3. Vous faites allusion aux dernières déclarations du président français devant le corps diplomatique étranger…

L’Europe ne tient nullement à améliorer des relations psychologiques
avec l’Afrique, comme si certains trouvaient du plaisir à entretenir
une tension complètement inutile, voire futile de basse distraction,
sans tenir compte de l’évolution des mentalités sur le continent
africain. Ils s’étaient essayés dans la provocation futile au Sénégal,
c’est facile lorsqu’on est né dans une puissance coloniale de
considérer la traite négrière et le colonialisme comme des causes
mineures du sous-développement du continent africain, on semble de nos
jours en des termes voilés prôner le révisionnisme frontalier dans la
région des Grands Lacs.
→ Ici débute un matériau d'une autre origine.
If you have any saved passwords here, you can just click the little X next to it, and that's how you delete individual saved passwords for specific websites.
En 1885 lors de la fameuse conférence de
Berlin, en effet, ce sont les mêmes par goût abject du gain qui
retouchèrent les frontières en Afrique, et c’est dans la douleur en
1964 que les africains s’étaient désespérément résolus d’opter pour le
principe de l’intangibilité des frontières héritées de la colonisation,
on semble vouloir le contredire sans être capable d’en assumer les
conséquences politiques… Au moment où aux Etats-Unis, on parle
désormais « valeurs » et « idéaux », certains comme d’anciens négriers,
sans morale ni pudeur, ne voient que fric ou sous, avec toujours cet
orgueil bassement entretenu de vouloir toujours se considérer
supérieurs en intelligence par rapport à d’autres sans aucun message
consistant à transmettre à l’humanité…

4. Il y va aussi de la responsabilité des dirigeants congolais…
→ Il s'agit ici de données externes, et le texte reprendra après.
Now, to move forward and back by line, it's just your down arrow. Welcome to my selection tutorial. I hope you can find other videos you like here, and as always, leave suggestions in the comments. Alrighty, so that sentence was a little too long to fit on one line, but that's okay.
Bien sur, depuis 1960 de petits hommes politiques comme disait
François Mitterrand ne comprennent guère les dangers récurrents
qu’encoure un Etat circonscrit par neuf pays voisins, au nom d’une
certaine science personnelle dont la viscosité ne peut que scandaliser
les états collectifs de conscience. Après la démocratie si l’on veut,
il faut leur apprendre le sens de l’intérêt général bref le
fonctionnement d’une République.

5. Que conclure ?

La crise financière nous est profitable parce qu’elle oblige ceux
qui exportent des produits manufacturés de nous donner les moyens de
les consommer, à nous de nous organiser mieux que dans le passé.